START Dataset entries

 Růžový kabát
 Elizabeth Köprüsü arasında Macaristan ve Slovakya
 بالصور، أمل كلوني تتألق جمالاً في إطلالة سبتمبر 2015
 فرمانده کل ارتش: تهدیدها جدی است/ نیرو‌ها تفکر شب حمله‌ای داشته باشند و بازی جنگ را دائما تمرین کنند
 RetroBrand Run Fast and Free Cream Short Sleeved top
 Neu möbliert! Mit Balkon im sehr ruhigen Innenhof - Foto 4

END Dataset entries
START Dataset entries

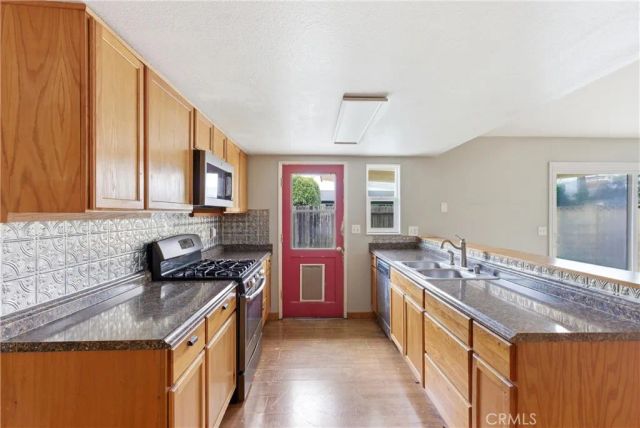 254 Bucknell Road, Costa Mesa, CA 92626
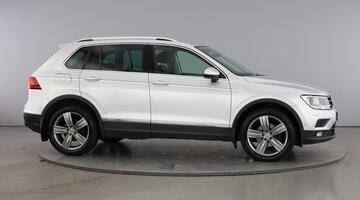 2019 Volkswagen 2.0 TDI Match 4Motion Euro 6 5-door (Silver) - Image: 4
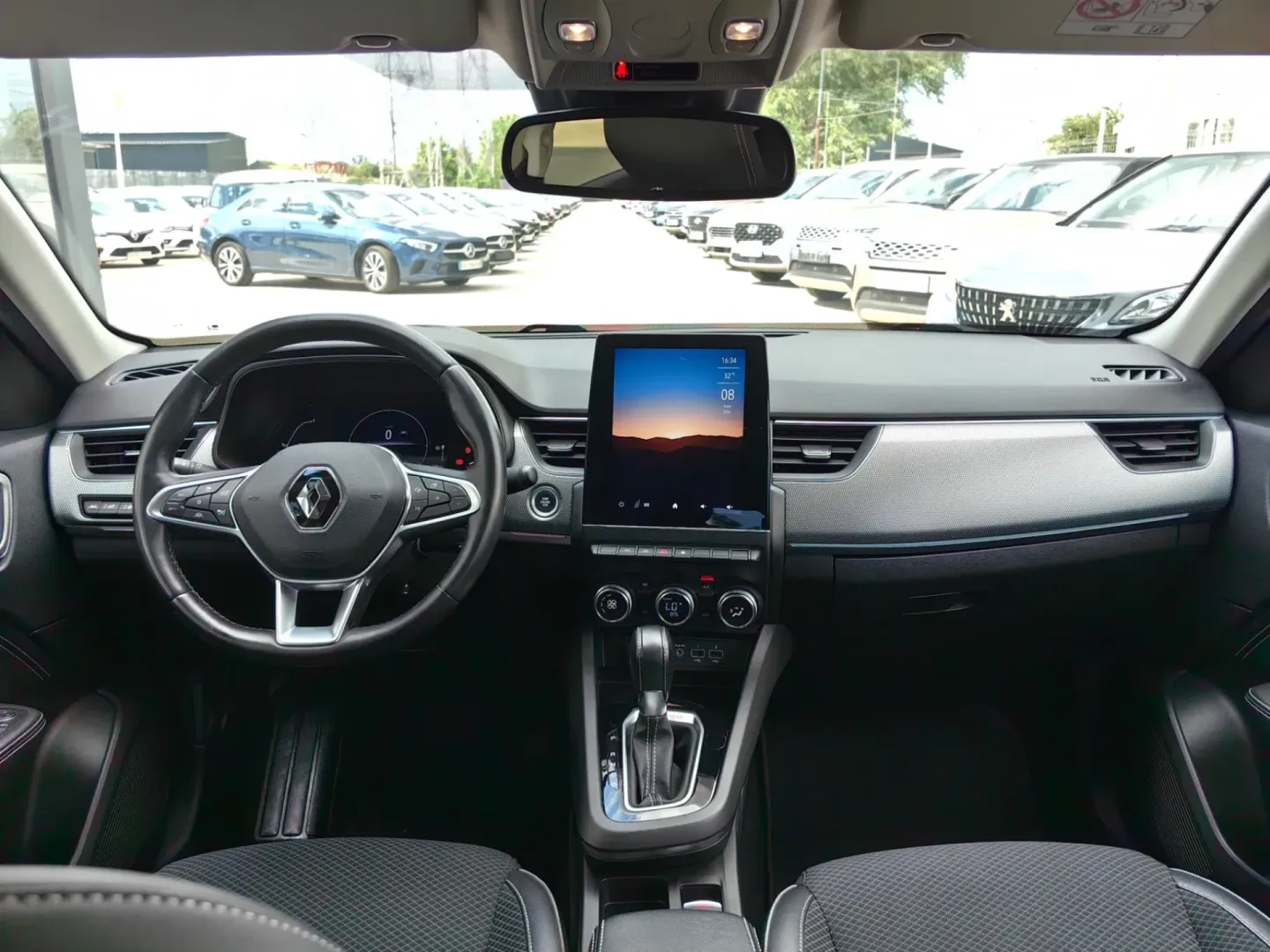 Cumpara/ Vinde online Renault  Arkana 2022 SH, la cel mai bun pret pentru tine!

END Dataset entries
START Dataset entries

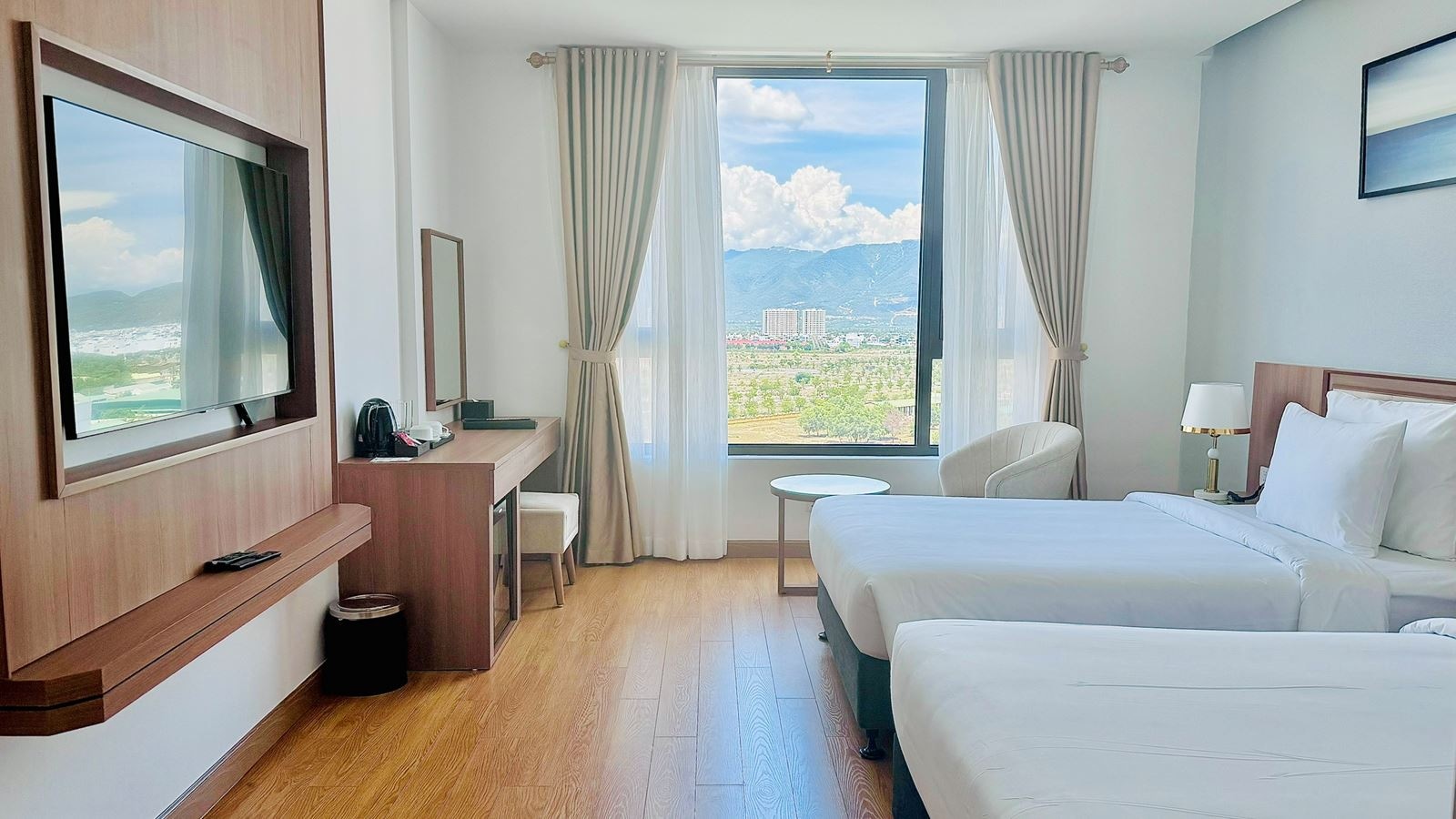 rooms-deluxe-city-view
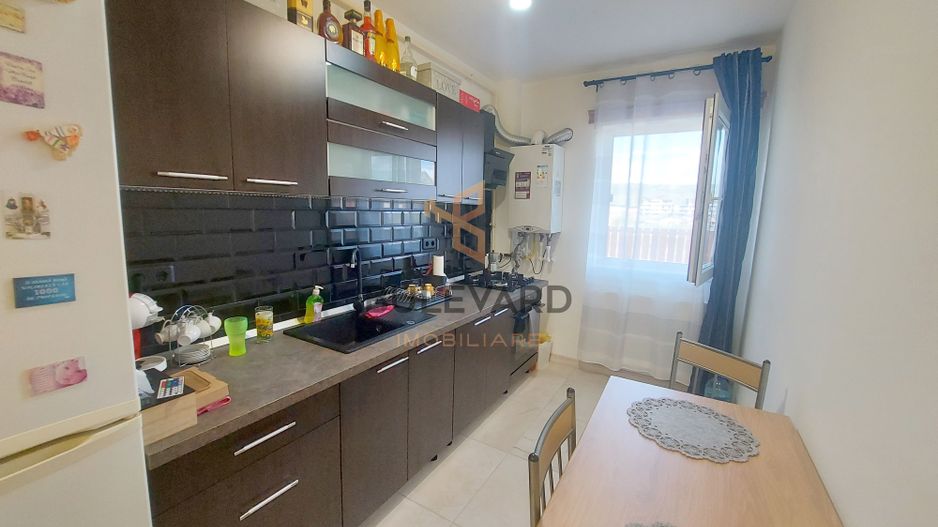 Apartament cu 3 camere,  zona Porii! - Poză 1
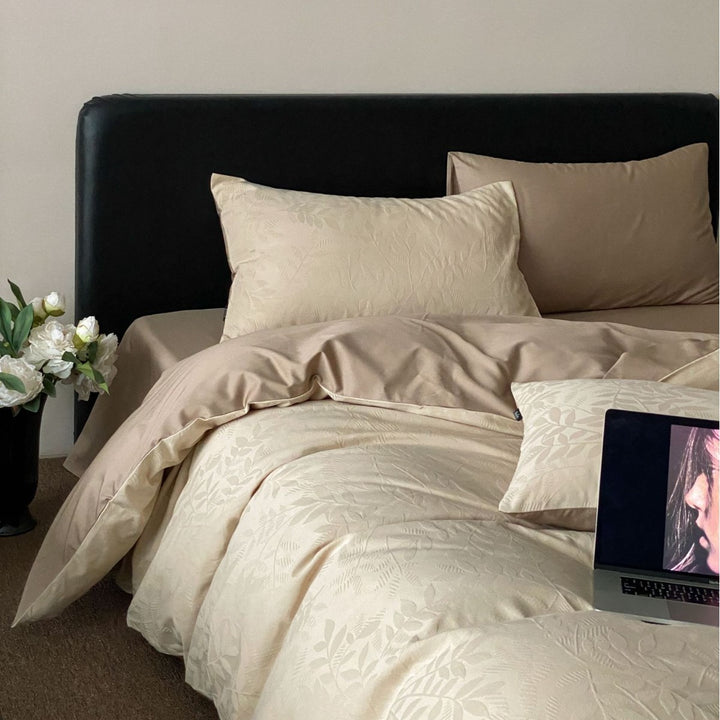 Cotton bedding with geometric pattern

END Dataset entries

§ **Task instructions**:
Give again the lines of the listing above that run from the one with "2019 Volkswagen 2.0" up to and including the one with "Cumpara/ Vinde online". Keep them exact and omit the pictures.

§ **Exercise answer**:
 2019 Volkswagen 2.0 TDI Match 4Motion Euro 6 5-door (Silver) - Image: 4
 Cumpara/ Vinde online Renault  Arkana 2022 SH, la cel mai bun pret pentru tine!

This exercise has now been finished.